Your job with the data below is to output exactly the lines from the one holding "East Boston Magnificent" down to the one holding "Los jugadores de", both included, and no others.
───── Data shown ─────
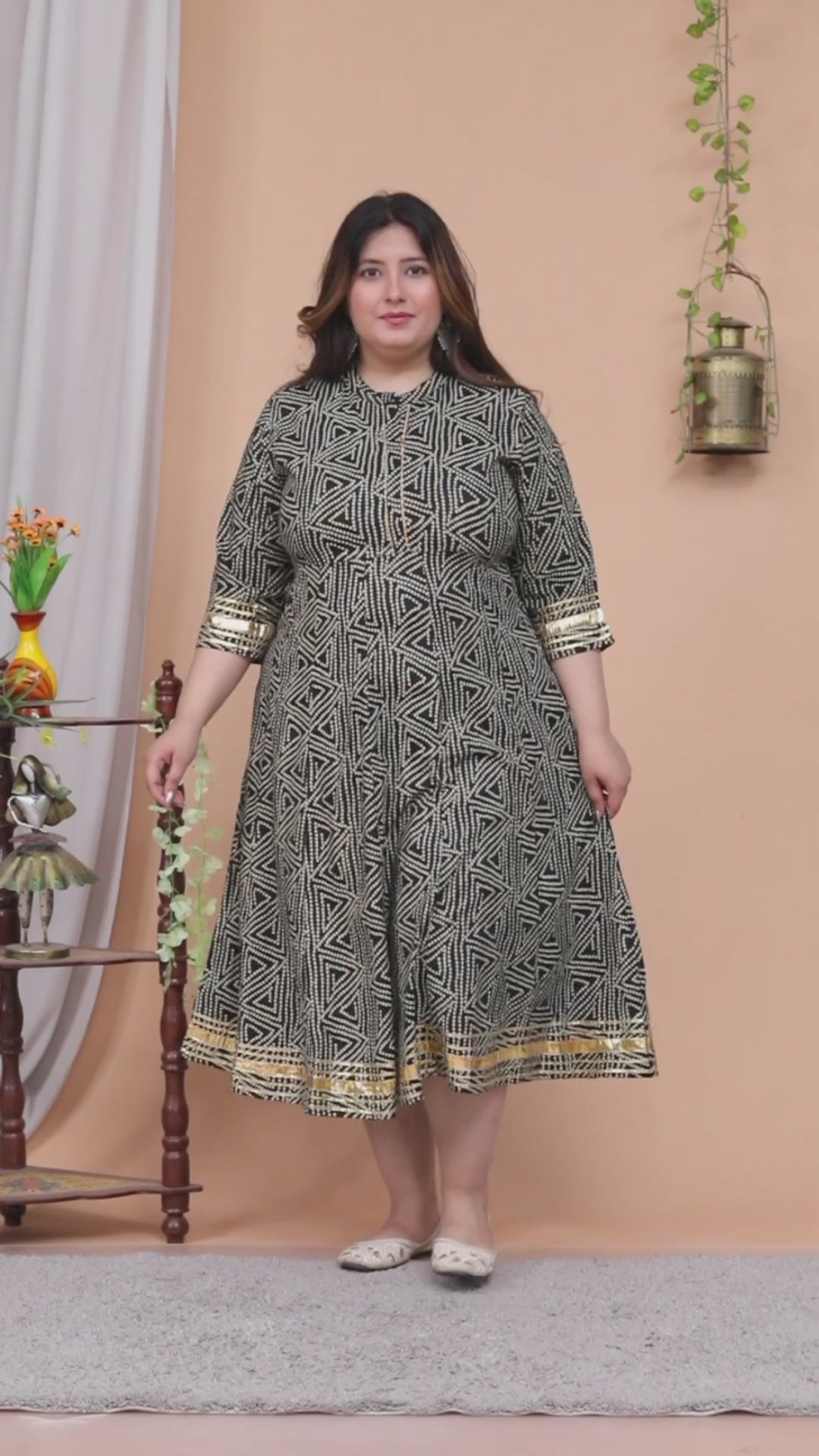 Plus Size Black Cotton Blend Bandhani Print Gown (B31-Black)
─────
───── Data shown ─────
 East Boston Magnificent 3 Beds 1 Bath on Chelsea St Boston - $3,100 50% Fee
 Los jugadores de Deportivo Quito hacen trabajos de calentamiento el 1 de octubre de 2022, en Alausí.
─────
───── Data shown ─────
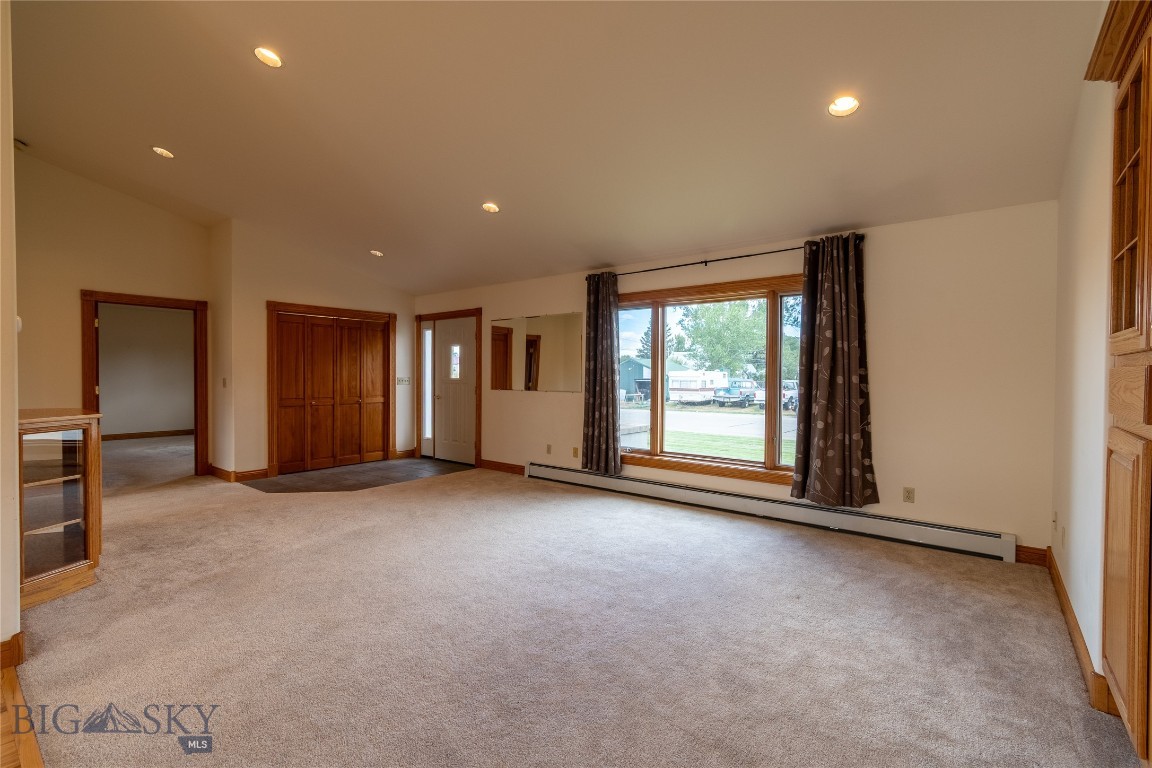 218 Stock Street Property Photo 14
─────
- Your response:
 East Boston Magnificent 3 Beds 1 Bath on Chelsea St Boston - $3,100 50% Fee
 Los jugadores de Deportivo Quito hacen trabajos de calentamiento el 1 de octubre de 2022, en Alausí.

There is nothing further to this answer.